Una comunità ferita, ma presente
In prima fila il sindaco Paolo Longhi e il presidente della Provincia Flavio Pasini, insieme a una ventina di sindaci da tutta la Bassa Veronese e oltre. Dietro di loro cittadini, rappresentanti di partiti anche di schieramenti opposti, associazioni civiche e culturali, esponenti della comunità islamica e delle forze dell’ordine. Presenza visibile ma discreta quella della vittima, che ha voluto camminare accanto ai suoi concittadini nel tratto dove la sua vita è stata spezzata da una violenza indicibile.
«Abbiamo marciato per una donna che ha l’anima trucidata, per chi ha paura di uscire di casa, per chi si sente ospite nelle proprie strade», ha dichiarato il sindaco Longhi. «I nostri parchi, le nostre strade, non sono proprietà di chi colpisce nel buio, ma di chi vive nella legalità. Il dolore di quella donna ci riguarda tutti. Non basta stringersi a lei: dobbiamo agire».

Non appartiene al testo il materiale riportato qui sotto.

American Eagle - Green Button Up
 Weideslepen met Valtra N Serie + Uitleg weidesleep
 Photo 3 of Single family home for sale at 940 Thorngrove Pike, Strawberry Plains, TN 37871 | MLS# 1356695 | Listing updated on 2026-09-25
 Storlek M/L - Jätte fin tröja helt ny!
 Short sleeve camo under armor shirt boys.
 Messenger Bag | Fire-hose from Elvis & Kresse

Sicurezza, tensioni e appelli
La manifestazione si è conclusa all’oasi della Verbena, con parole forti anche dal presidente della Provincia Pasini: «Chiudersi in casa è una sconfitta. Questo territorio deve restare unito, ma servono nuove forze dell’ordine, serve un commissariato. E servono decisioni rapide».
Sul fronte della sicurezza, infatti, l’indignazione monta: l’aggressore – un giovane di origine nordafricana – è ancora ricercato, mentre le indagini sono coordinate dal sostituto procuratore Elvira Vitulli. Pochi giorni prima, sempre sull’Adige, un altro tentativo di aggressione era stato denunciato da una donna riuscita a fuggire. Su quell’episodio, che coinvolgerebbe un molestatore seriale noto nella zona, sono in corso indagini.
E mentre i cittadini chiedono protezione, non sono mancate anche tensioni, con qualche striscione isolato contro l’immigrazione. Un segnale di nervosismo crescente che non può essere ignorato, pur senza lasciarsi guidare dalla paura o dalla retorica dell’odio.
Il ruolo della comunità islamica e le responsabilità condivise
Particolarmente significativa la presenza dell’associazione culturale islamica Al Wifaq, che ha espresso solidarietà e condanna per l’aggressione: «Tocca tutti noi. Vogliamo una città dove ogni persona possa camminare senza paura, nel rispetto e nella dignità».
Un gesto apprezzato dal sindaco Longhi, che ha invitato esplicitamente la comunità musulmana a «non coprire chi vive nell’illegalità: il silenzio non è discrezione, è omertà. E non possiamo più tollerarla».
Considerazioni: dalla solidarietà all’azione
Se il corteo è stato un gesto civico importante, resta aperta una domanda scomoda ma inevitabile: basterà la solidarietà a fermare una percezione di insicurezza che cresce tra i cittadini, soprattutto donne, soprattutto la sera? La politica locale ha chiesto più mezzi, più uomini, più controlli. Ma la risposta, per essere credibile, dovrà essere concreta, coordinata e rapida.
Altrimenti, l’indignazione – oggi composta e silenziosa – rischia di esplodere in sfiducia e divisione. Legnago, e il territorio della Pianura, non possono permetterselo.